Yesterday, via 3 Quarks Daily, I stumbled on to this MSNBC article about crows:

Bird brained they might be, but crows are the MacGyvers of the avian world, able to turn twigs and even their own feathers into tools for getting at hard-to-reach food. But while young crows are born with a propensity for crafting tools, it's only after watching their elders make and use tools that they become truly proficient, a new study suggests.
The crows craft tools to specific needs. They examine a problem and then pick or design an appropriate tool. For example, faced with a snack lodged in a small tree hole, a crow will prune and adjust a leafy oak branch to just the right width to poke into the hole.

Cool, I think--about the crows, that is (as long-time readers know, I'm fascinated by crows).

Then today, I run across this post on TPM Muckraker, ostensibly explaining (and mocking) Vice-President Cheney's legal defense for not releasing his office's visitors' logs to the Washington Post in response to a FOIA request:
Mosaic theory has been around for a while, and it's enjoyed a post-9/11 renaissance. It's an increasingly common government argument for withholding sensitive national security-related information, because of "the potential for an adversary to deduce from independently innocuous facts a strategic vulnerability, exploitable for malevolent ends," as a 2005 article in the Yale Law Review described it.

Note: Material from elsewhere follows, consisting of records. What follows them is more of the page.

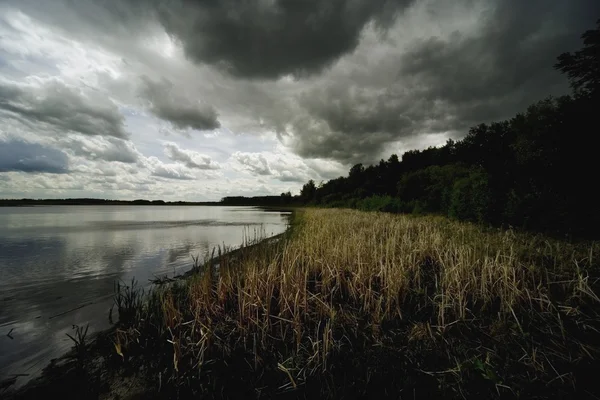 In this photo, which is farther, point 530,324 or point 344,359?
point 530,324

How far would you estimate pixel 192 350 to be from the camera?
142 inches

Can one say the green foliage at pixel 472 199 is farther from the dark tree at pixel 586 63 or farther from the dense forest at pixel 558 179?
the dark tree at pixel 586 63

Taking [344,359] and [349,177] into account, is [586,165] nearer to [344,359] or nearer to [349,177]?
[344,359]

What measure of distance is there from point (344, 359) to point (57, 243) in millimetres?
20191

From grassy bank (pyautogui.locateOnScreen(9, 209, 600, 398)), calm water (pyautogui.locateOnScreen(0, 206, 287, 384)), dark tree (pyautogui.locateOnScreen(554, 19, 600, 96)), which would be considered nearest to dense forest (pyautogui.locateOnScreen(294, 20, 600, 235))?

In other words, even if one piece of information appears harmless, if you put it together with other pieces of harmless information, the sum becomes dangerous in enemy hands.

It's kind of like the MacGyver theory of information: this paperclip could be used to make a bomb, ergo, you can't have this paperclip. However, unlike MacGyver, a mosaic-theory proponent doesn't have to come up with the other ingredients necessary; all they have to do is wave the paperclip around menacingly. Perhaps surprisingly, it works.

How does this apply to Cheney's visitor logs? Well, it doesn't. Unless you take a step through the looking-glass, into a world where Cheney's meetings with lobbyists and energy company executives are a dangerous paper clip in the vast repository of vital national secrets. And that, if combined with (fill in the blank), anyone who isn't within the White House's Circle of Trust is an adversary who could exploit the information for malevolent ends.

Is the universe run after all on a principle more accurately named MacGyver Mechanics? When Wallace Stevens wrote in a letter to his wife, "I believe that with a bucket of sand and a wishing lamp I could create a world in half a second that would make this one look like a hunk of mud," was he not just hyperbolizing but, instead, speaking out of a deeper, spiritual hunger to know the beginnings and ends of things that MacGyver satisfies every time he opens his Swiss Army knife?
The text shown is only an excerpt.